Costly Kitchen Mistakes
From the Professional Remodeler magazine July issue. Author: David Weissman
General contractors do their best to keep jobs in line and on budget but want consumers to know that the process is a two-way street. A survey of 300 general contractors nationwide published by Consumer Reports in June 2016 detailed seven kitchen remodeling mistakes made by consumers that are guaranteed to cause problems for homeowners. Among them:
- Changing your mind. Nearly 60 percent of contractors said that the No. 1 way to drive up costs is for homeowners to introduce changes after a project begins. Changes increase costs by an average of 10 percent.
- Skipping the background check. Consumers who hire unlicensed contractors forfeit protections from their state licensing board. Licensed contractors are legally obligated to guarantee their work.
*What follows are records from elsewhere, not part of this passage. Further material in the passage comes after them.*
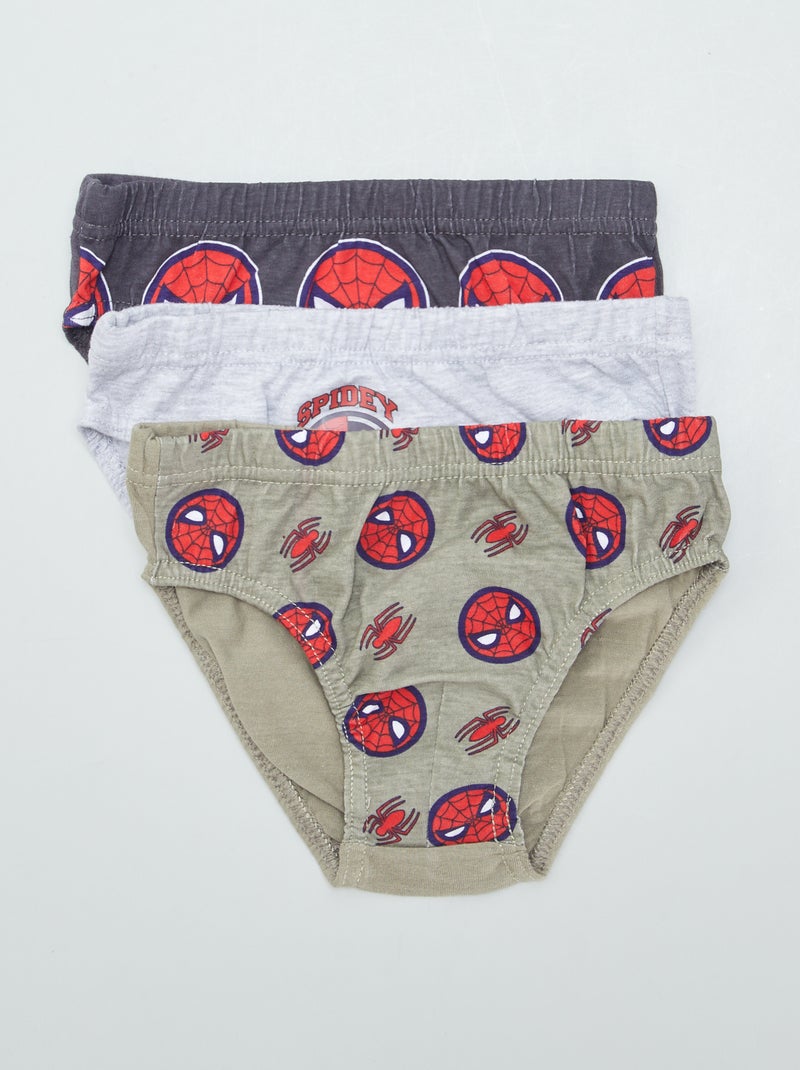 Lote de 3 cuecas 'Homem-Aranha' 'Marvel' CINZA - Kiabi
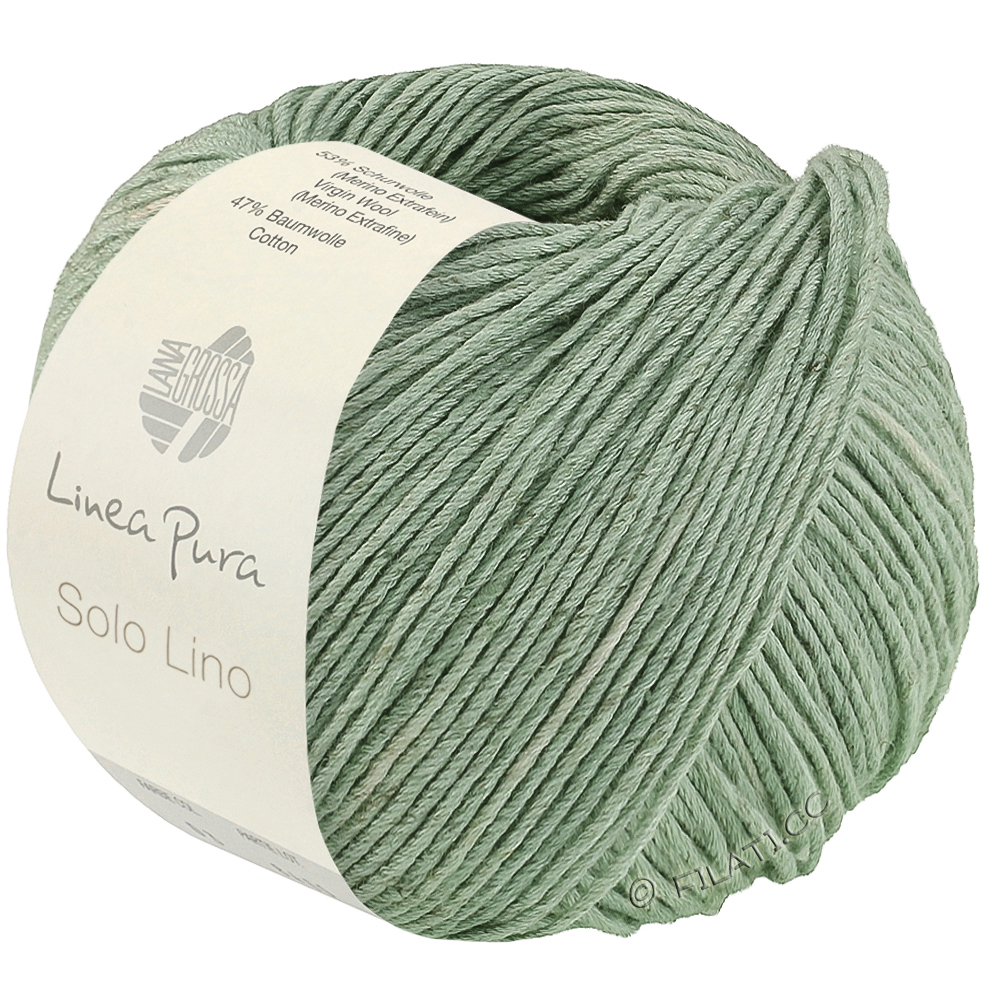 SOLO LINO (Linea Pura) - von Lana Grossa | 80-Mintgrün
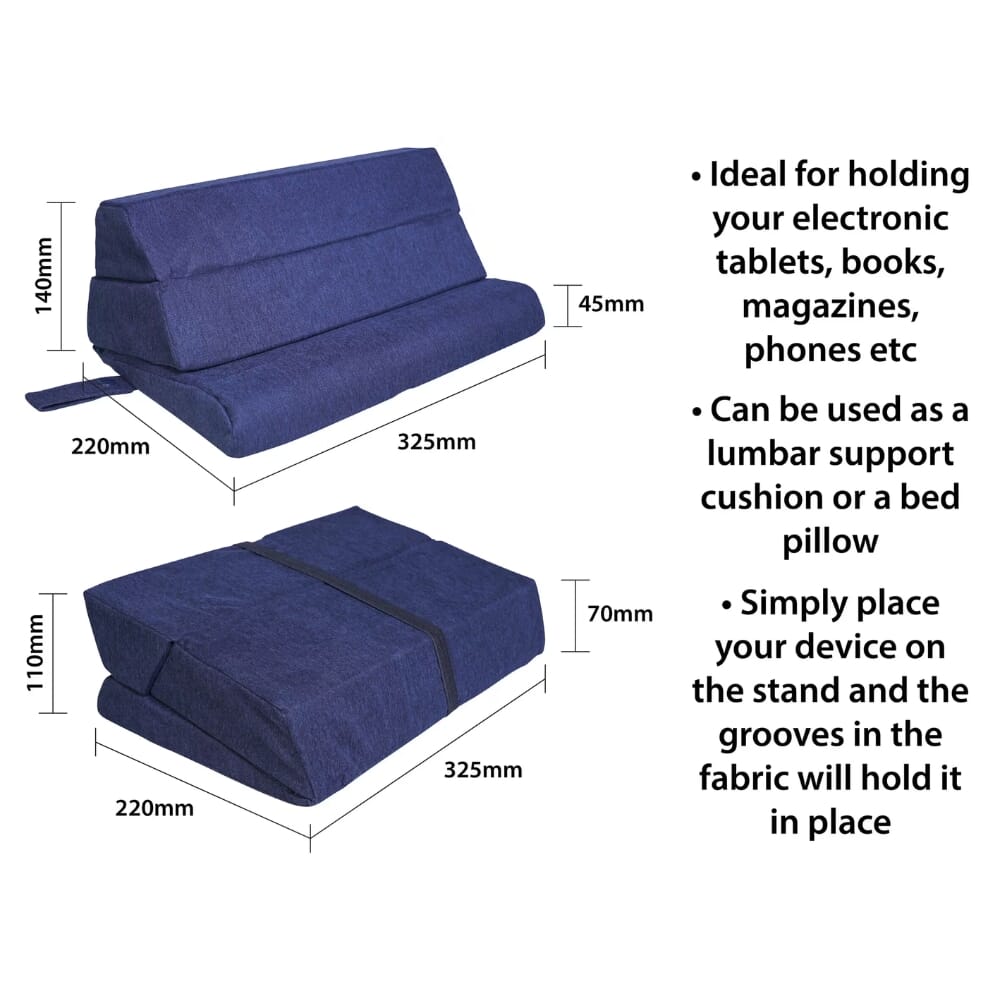 tablet pillow stand dimensions
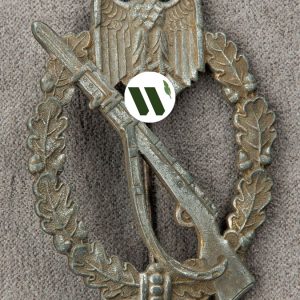 Infantry Assault Badge in bronze Zinc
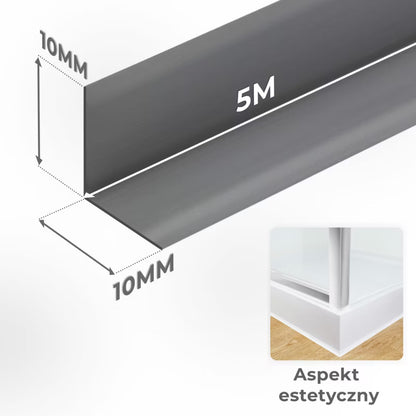 Afslutningsliste PVC 10x10 mm Selvklæbende Hvid 5 m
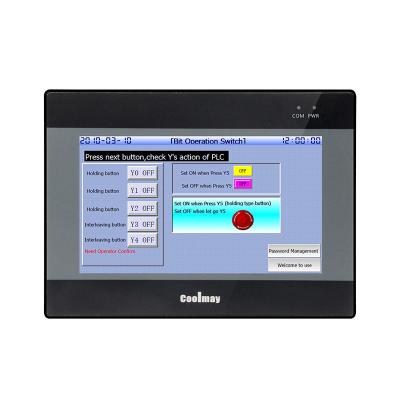 China Coolmay 7 inch HMI touch panel PLC Interface cnc controller plc hmi for sale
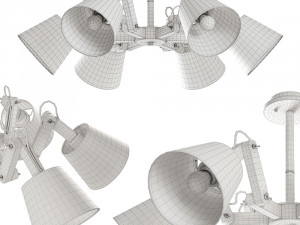 lampatron mechanic 6 lamps 3D Model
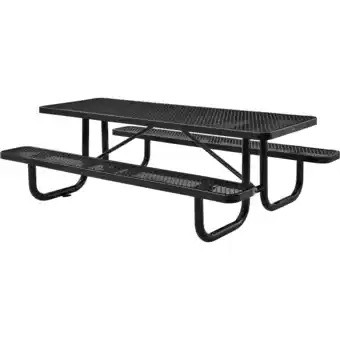 Walmart 8' Rectangular Picnic Table, Surface Mount, Black (96 Long) offer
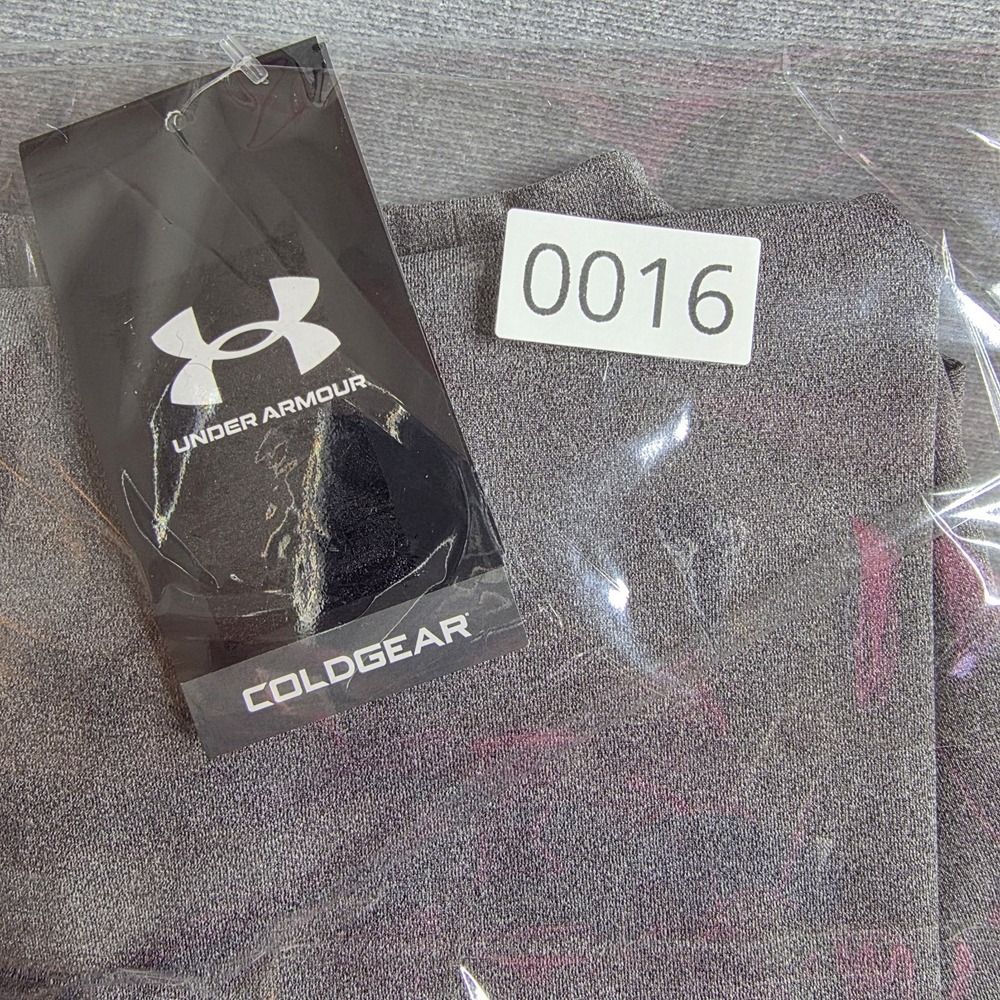 NWT Under Armour ColdGear Fitted Mock Base Layer Women's Large Charcoal Shirt - Picture 15 of 15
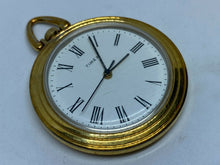 Load image into Gallery viewer, Vintage Timex Gold Tone Open Face Hand-Wind Up Mechanical Pocket Watch Hours~Run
The survey also found that licensed contractors are better at holding down costs when unexpected problems arise.
- Using open-ended contracts. Contracts that lack details regarding materials and specific start and end dates leave consumers vulnerable to remodelers who may become distracted by another project mid-job.
- Forgetting functionality. For example, rangehoods work much better at removing smoke and odors than does the built-in ventilation of an over-the-range microwave; undercabinet lighting helps eliminate shadows on kitchen counter workspaces; and drawers in base cabinets help maximize storage.
- Relying on rough sketches. Vague, rough sketches do little to thoroughly address design challenges. Using 3-D drawings helps consumers visualize the space and identify traffic-flow problems, such as whether circulation is blocked when the fridge door is open. Virtual-reality software lets consumers immerse themselves in the new space before work ever begins.